This chapter introduces recommender systems and the algorithms, based on collaborative filtering, that fuel the success these systems are experiencing in current online applications. There are a number of methods that have been applied when designing filtering algorithms, but they all share a common assumption: the users, and the interactions between them, can be modeled in such a way that it is possible to filter content based on the responses they input.

In particular, the objectives of this chapter can be decomposed into a number of questions:

  • Why do we need recommender systems; what problem do they address?

  • How are recommendations generated? This question explores collaborative filtering: what it is, how it works, and how different fields of research have led collaborative filtering to be categorized into memory- and model-based approaches.

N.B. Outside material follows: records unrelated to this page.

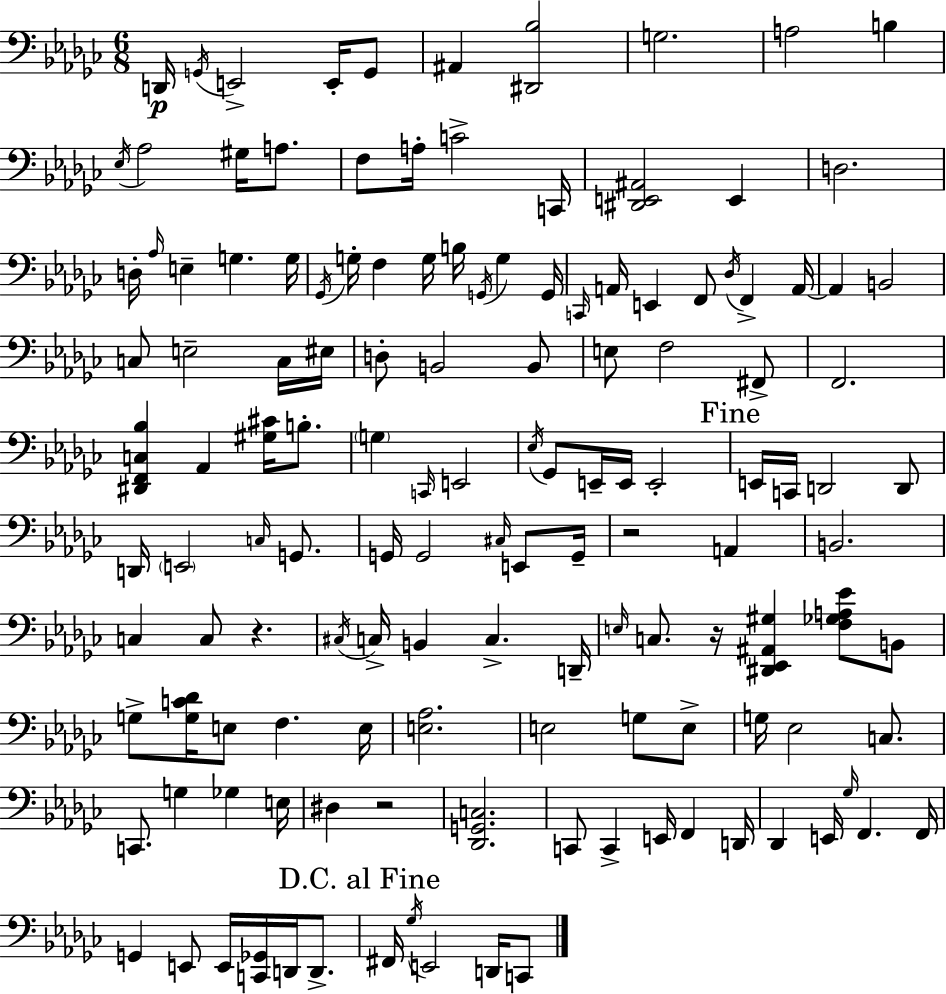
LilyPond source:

{
  \clef bass
  \numericTimeSignature
  \time 6/8
  \key ees \minor
  d,16\p \acciaccatura { g,16 } e,2-> e,16-. g,8 | ais,4 <dis, bes>2 | g2. | a2 b4 | \break \acciaccatura { ees16 } aes2 gis16 a8. | f8 a16-. c'2-> | c,16 <dis, e, ais,>2 e,4 | d2. | \break d16-. \grace { aes16 } e4-- g4. | g16 \acciaccatura { ges,16 } g16-. f4 g16 b16 \acciaccatura { g,16 } | g4 g,16 \grace { c,16 } a,16 e,4 f,8 | \acciaccatura { des16 } f,4-> a,16~~ a,4 b,2 | \break c8 e2-- | c16 eis16 d8-. b,2 | b,8 e8 f2 | fis,8-> f,2. | \break <dis, f, c bes>4 aes,4 | <gis cis'>16 b8.-. \parenthesize g4 \grace { c,16 } | e,2 \acciaccatura { ees16 } ges,8 e,16-- | e,16 e,2-. \mark "Fine" e,16 c,16 d,2 | \break d,8 d,16 \parenthesize e,2 | \grace { c16 } g,8. g,16 g,2 | \grace { cis16 } e,8 g,16-- r2 | a,4 b,2. | \break c4 | c8 r4. \acciaccatura { cis16 } | c16-> b,4 c4.-> d,16-- | \grace { e16 } c8. r16 <dis, ees, ais, gis>4 <f ges a ees'>8 b,8 | \break g8-> <g c' des'>16 e8 f4. | e16 <e aes>2. | e2 g8 e8-> | g16 ees2 c8. | \break c,8. g4 ges4 | e16 dis4 r2 | <des, g, c>2. | c,8 c,4-> e,16 f,4 | \break d,16 des,4 e,16 \grace { ges16 } f,4. | f,16 g,4 e,8 e,16 <c, ges,>16 d,16 d,8.-> | \mark "D.C. al Fine" fis,16 \acciaccatura { ges16 } e,2 | d,16 c,8 \bar "|."
}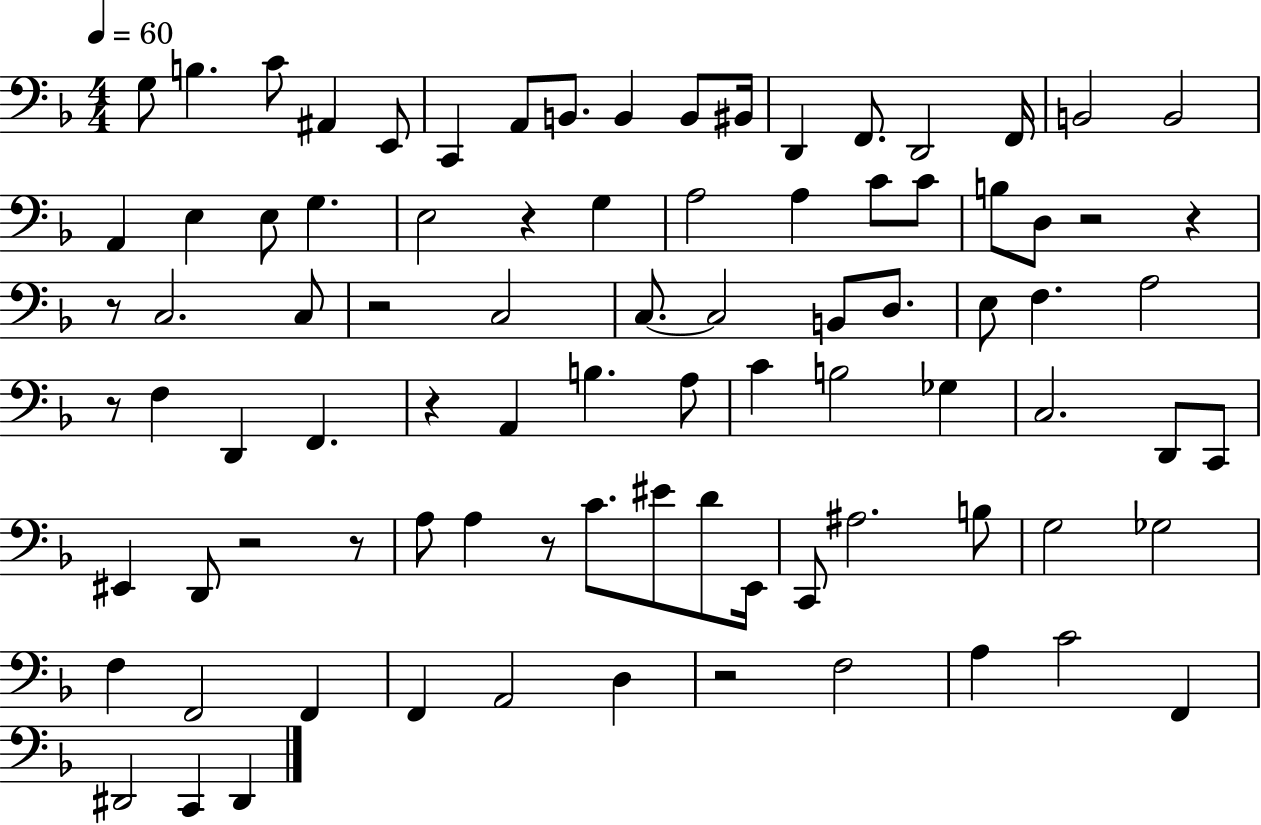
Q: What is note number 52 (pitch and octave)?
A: EIS2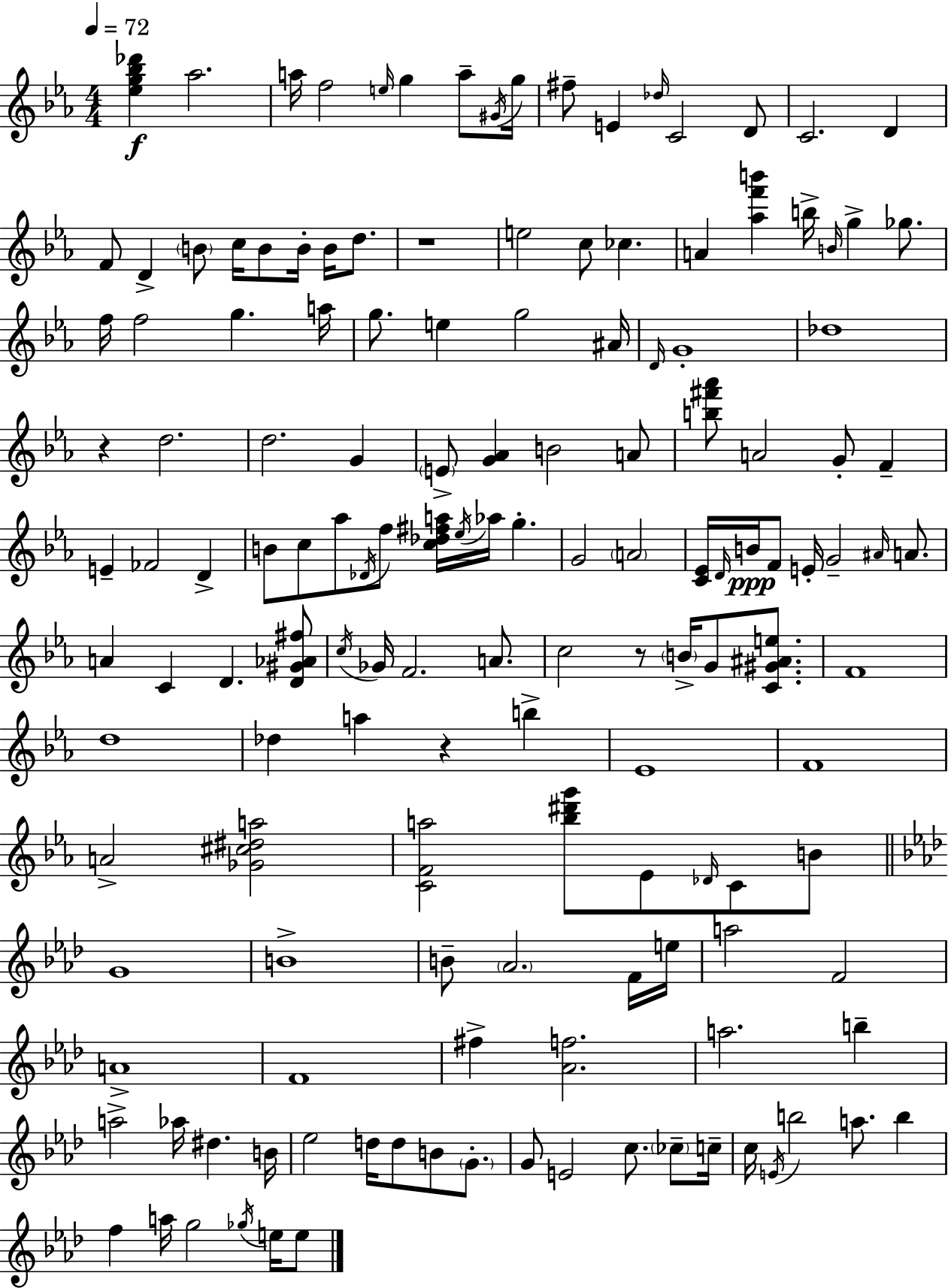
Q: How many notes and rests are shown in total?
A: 147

  • How are recommender systems evaluated? In particular, what problems do these systems face, and how does research address these problems? Lastly,

  • What are the current future directions of recommender system research?

We explore these questions by considering the participants of a recommender system as members of a community of users. This method highlights the importance of user models within recommender systems, both as a means of reasoning about the underlying operations on the data and building a system that end-users will respond positively to. However, we begin by looking at the motivating problems and history of these systems.



As the Internet grows, forever broadening both the range and diversity of information that it makes accessible to its users, a new problem arises: the amount of information available, and the rate at which new information is produced, becomes too great for individuals to sift through it all and find relevant resources. Resources may include, but are not limited to, movies, music, products of e-commerce catalogues, blogs, news articles and documents. Users, unable to dedicate the time to browse all that is available, are thus confronted with the problem of information overload, and the sheer abundance of information diminishes users’ ability to identify what would be most useful and valuable to each of their needs.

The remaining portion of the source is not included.